Let the numbers be $a$ and $b$.

Then,

$$\begin{aligned} A & =\frac{a+b}{2} \\ \Rightarrow \quad 2 A & =a+b\quad \text{.... (i)} \end{aligned}$$

and $G_1, G_2$ be geometric mean between $a$ and $b$, then $a, G_1, G_2, b$ are in GP.

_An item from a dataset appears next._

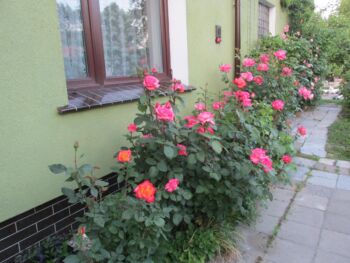 różana rabata koło domu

Let $r$ be the common ratio.

Then,

$$\begin{aligned} & b=a r^{4-1} \quad \left[\because a_n=a r^{n-1}\right] \\ \Rightarrow\quad& b=a r^3 \Rightarrow \frac{b}{a}=r^3 \\ \therefore \quad& r=\left(\frac{b}{a}\right)^{1 / 3} \end{aligned}$$

Now, $$G_1=a r=a\left(\frac{b}{a}\right)^{1 / 3} \quad\left[\because r=\left(\frac{b}{a}\right)^{1 / 3}\right]$$

and $$G_2=a r^2=a\left(\frac{b}{a}\right)^{2 / 3}$$

$$\begin{aligned} \text{RHS} & =\frac{G_1^2}{G_2}+\frac{G_2^2}{G_1}=\frac{\left[a\left(\frac{b}{a}\right)^{1 / 3}\right]^2}{a\left(\frac{b}{a}\right)^{2 / 3}}+\frac{\left[a\left(\frac{b}{a}\right)^{2 / 3}\right]^2}{a\left(\frac{b}{a}\right)^{1 / 3}} \\ & =\frac{a^2\left(\frac{b}{a}\right)^{2 / 3}}{a\left(\frac{b}{a}\right)^{2 / 3}}+\frac{a^2\left(\frac{b}{a}\right)^{4 / 3}}{a\left(\frac{b}{a}\right)^{1 / 3}} \\ & =a+a\left(\frac{b}{a}\right)=a+b=2 A \quad \text{[using Eq. (i)]}\\ & =\text { LHS } \end{aligned}$$